Thermal energy storage (TES) is a technology that involves storing thermal energy for later use. It allows for the collection and retention of heat energy, which can be released when needed to provide heating, cooling, or power generation. TES systems are designed to bridge the gap between energy supply and demand, enabling better utilization of energy resources and increasing overall system efficiency.
There are several methods used for thermal energy storage:
Sensible Heat Storage: In this method, thermal energy is stored by changing the temperature of a material. Common materials used include water, rocks, bricks, or molten salts. Heat is absorbed or released as the material's temperature changes.
Latent Heat Storage: This technique involves storing thermal energy by utilizing the latent heat of phase change materials (PCMs). PCMs absorb or release heat energy during the process of changing between solid and liquid phases. Examples of PCMs include paraffin wax, salt hydrates, and some organic compounds.
Thermochemical Storage: Thermochemical storage involves storing energy by using reversible chemical reactions. Energy is absorbed or released during the chemical reaction. Thermochemical systems often use pairs of chemicals that can react with each other to store and release energy.

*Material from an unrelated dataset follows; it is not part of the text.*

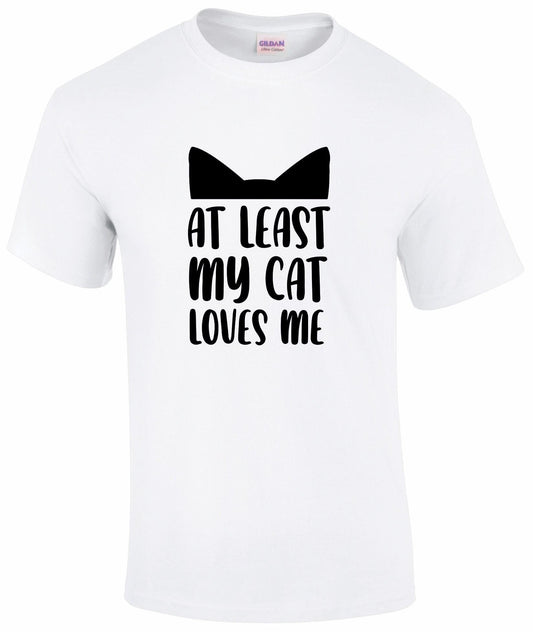 At least My Cat Loves Me T-shirt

TES systems have various applications. They can be used in buildings to store excess heat during the day and release it during colder periods, thus reducing the reliance on heating systems. TES is also employed in solar thermal power plants, where it allows for continuous power generation even when sunlight is unavailable. Furthermore, TES can enhance the efficiency of industrial processes, such as in the storage and utilization of waste heat.
By efficiently storing and utilizing thermal energy, TES helps to optimize energy usage, reduce energy waste, and improve the overall sustainability of energy systems.